Herby Garlic Rolls – Indulge in the perfect holiday side dish with a basket of homemade garlic and herb rolls! Made with plenty of garlic, fresh rosemary and herbs, these soft dinner rolls are a must-have for family dinners or celebration meals like Thanksgiving and Christmas. Even if you’ve never made homemade dinner rolls, don’t worry because I explain it all and walk you through the steps, and make it EASY for you to master homemade rolls!
Table of Contents
- Easy Garlic Herb Rolls Recipe
- Ingredients in Homemade Garlic Rolls
- How to Make Dinner Rolls with Garlic and Herbs
- Tips for The Best Garlic Dinner Rolls
- What to Serve with Herbed Garlic Rolls
- Flavor Variations for Dinner Rolls with Herbs and Garlic
- Storage Instructions
- Can I Make Garlic and Herb Dinner Rolls in Advance?
- Recipe FAQs
- More Easy Dinner Roll Recipes:
- Herb Garlic Rolls Recipe
Easy Garlic Herb Rolls Recipe
Who doesn’t love homemade rolls? Eaten fresh from the oven, there’s really nothing better! I know it can be intimidating to make homemade bread or dinner rolls because many people are scared to work with yeast. But never fear!
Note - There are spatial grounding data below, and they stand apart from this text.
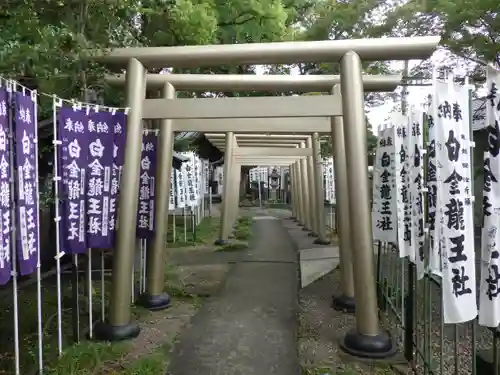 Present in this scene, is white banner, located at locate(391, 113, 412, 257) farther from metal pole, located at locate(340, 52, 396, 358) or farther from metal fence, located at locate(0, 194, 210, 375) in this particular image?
metal fence, located at locate(0, 194, 210, 375)

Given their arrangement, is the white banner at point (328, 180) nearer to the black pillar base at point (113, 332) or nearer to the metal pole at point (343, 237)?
the metal pole at point (343, 237)

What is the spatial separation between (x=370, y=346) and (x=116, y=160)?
368 centimetres

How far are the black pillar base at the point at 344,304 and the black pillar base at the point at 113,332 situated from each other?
10.0 ft

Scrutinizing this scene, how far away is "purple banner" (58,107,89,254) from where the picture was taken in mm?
5059

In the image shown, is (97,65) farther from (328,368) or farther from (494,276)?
(494,276)

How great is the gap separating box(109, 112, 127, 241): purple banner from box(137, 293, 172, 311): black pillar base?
1692 mm

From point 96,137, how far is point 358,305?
360 centimetres

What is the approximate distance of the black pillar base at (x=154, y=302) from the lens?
23.0 feet

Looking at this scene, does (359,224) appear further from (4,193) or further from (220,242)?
(220,242)

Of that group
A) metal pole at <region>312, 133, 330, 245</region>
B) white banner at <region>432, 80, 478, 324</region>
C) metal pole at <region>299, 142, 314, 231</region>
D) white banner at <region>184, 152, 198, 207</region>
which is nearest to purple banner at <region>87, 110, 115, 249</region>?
white banner at <region>432, 80, 478, 324</region>

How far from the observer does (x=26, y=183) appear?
4.10 metres

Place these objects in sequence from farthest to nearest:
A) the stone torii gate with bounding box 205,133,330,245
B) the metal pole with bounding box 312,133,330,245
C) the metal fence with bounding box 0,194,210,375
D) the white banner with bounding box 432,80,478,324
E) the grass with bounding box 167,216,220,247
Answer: the grass with bounding box 167,216,220,247 < the stone torii gate with bounding box 205,133,330,245 < the metal pole with bounding box 312,133,330,245 < the metal fence with bounding box 0,194,210,375 < the white banner with bounding box 432,80,478,324

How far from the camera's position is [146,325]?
6328 mm

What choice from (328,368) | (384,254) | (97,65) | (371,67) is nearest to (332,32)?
(371,67) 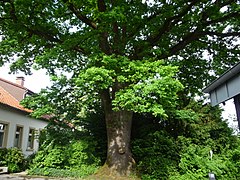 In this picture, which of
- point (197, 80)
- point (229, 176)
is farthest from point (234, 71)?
point (197, 80)

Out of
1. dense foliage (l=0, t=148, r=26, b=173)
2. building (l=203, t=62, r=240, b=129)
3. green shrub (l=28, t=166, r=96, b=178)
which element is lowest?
green shrub (l=28, t=166, r=96, b=178)

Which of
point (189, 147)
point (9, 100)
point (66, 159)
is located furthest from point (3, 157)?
point (189, 147)

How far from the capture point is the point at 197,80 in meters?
13.3

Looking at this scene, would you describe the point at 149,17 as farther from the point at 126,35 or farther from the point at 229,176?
the point at 229,176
I am here to walk you through the steps, and give you my tips and tricks along the way for success so that in about 90 minutes from start to finish you’ll have a basket of dinner rolls ready!
These garlic dinner rolls are soft, fluffy, and loaded with tons of flavor from plenty of freshly minced garlic, fresh rosemary, and herbs de Provence.
Whether you want to make these as a wonderful comfort food side for your next family dinner, or you want to serve them at your Thanksgiving, Christmas, or New Year’s celebrations, no one ever says no to homemade dinner rolls!
Ingredients in Homemade Garlic Rolls
These garlic bread rolls are made with truly only a handful of very basic ingredients that are fridge and pantry staples including the following:
- Whole milk
- Unsalted butter
- Active dry yeast
- All-purpose flour
- Herbs de Provence or fine herbs – Read the FAQs below for more on herbs
- Fresh Rosemary
Note: Scroll down to the recipe card section of the post for the ingredients with amounts included and for more complete directions.
How to Make Dinner Rolls with Garlic and Herbs
You’ll need to plan ahead when you make these rolls because the dough needs to rise twice – about 20-25 minutes each rise, for about 45 minutes inactive or rising time.
However the active prep time, and baking time, are about 20 minutes each, so all in all, about 90 minutes total time.
Step 1: Heat water, milk, butter, and honey in the microwave until it reaches 110°F as registered by a digital thermometer or to the temp directed on your yeast packet.
Step 2: Pour the milk mixture into the bowl of a stand mixer and sprinkle the yeast on top. It will start to bubble in a few minutes.
Step 3: Add in the flour, herbs, salt, garlic, and beaten egg.
Step 4: Fit your stand mixer with the dough hook attachment and mix until the dough is smooth.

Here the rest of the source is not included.